Moreover, as conceded in the majority opinion (ante, p. 519-520), even if we regard the contract as providing for liquidated damages, it is presumptively valid and there is no showing of illegality. The amount of the note paid by plaintiffs and retained by defendants was less than 5 percent of the total purchase price and was negotiated in view of the length of the escrow. In addition to the hazard to defendants of keeping the land off the market for six months, there was evidence that at the time the agreement was made the parties knew that the value of the land might be affected by current exploration for oil, the selection of a location for a contemplated freeway, and the general trend from agricultural to commercial and residential uses of land in the area. Thus, not only was the amount to be retained by defendants shown to be reasonable, but it is also established that "it would be impracticable or extremely difficult to fix the actual damage." (Civ. Code, § 1671.) The validity of a liquidated damage provision is, of course, to be determined as a matter of law in the light of the facts known and unknown at the time the agreement was made. (McCarthy v. Tally (1956), 46 Cal.2d 577, 586-587 [10, 12] [297 P.2d 981]; Chastain v. Belmont (1954), 43 Cal.2d 45, 58  [271 P.2d 498]; Better Food Markets v. American Dist. Tel. Co. (1953), 40 Cal.2d 179, 185  [253 P.2d 10, 42 A.L.R.2d 580].) So tested, the agreement here is valid on any reasonable view of the facts.

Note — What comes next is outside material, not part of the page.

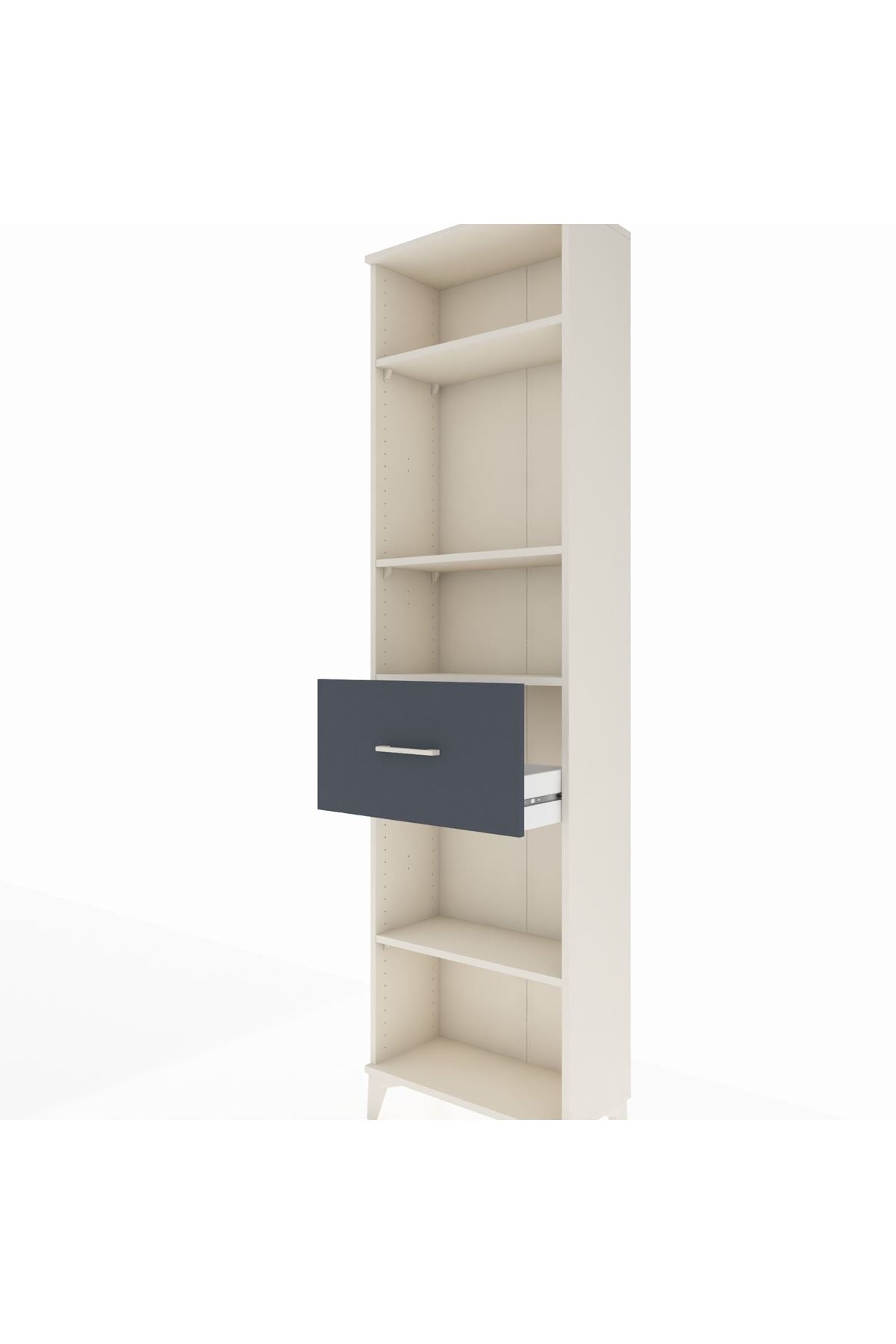 Arges Dolap 4 Raflı Tek Çekmeceli 60x30x221 Aytaşı-Antrasit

To require owners who receive a reasonable down payment pursuant to a valid contract to sell their land, to thereafter await the possibility of facing a court judgment that they refund the down payment upon the mere caprice of the buyer who changes his mind and breaches his contract — thus having extracted a valuable consideration but actually having given nothing of value in return — would seem also to mean that the down payment becomes of little value in the hands of sellers, who perforce must preserve it in the form of liquid money on pain of having other assets levied on and sold at execution on the judgment in favor of the defaulting buyer. This is plainly not justice, nor should it be the law; yet it appears but to accent a trend in decisional law. (See Freedman v. The Rector (1951), 37 Cal.2d 16, 18-19, 22-23 [230 P.2d 629, 31 A.L.R.2d 1]; see also Jordan v. Talbot (1961), 55 Cal.2d 597, 611 [12 Cal.Rptr. 488, 361 P.2d 20].) It would seem also that a further and more far reaching effect of the instant judgment may well be to encourage other persons to breach their obligations whenever it may appear profitable, convenient, or otherwise desirable to them so to do.
I would reverse the judgment.
McComb, J., concurred.
Appellants' petition for a rehearing was denied September 20, 1961. Schauer, J., and McComb, J., were of the opinion that the petition should be granted.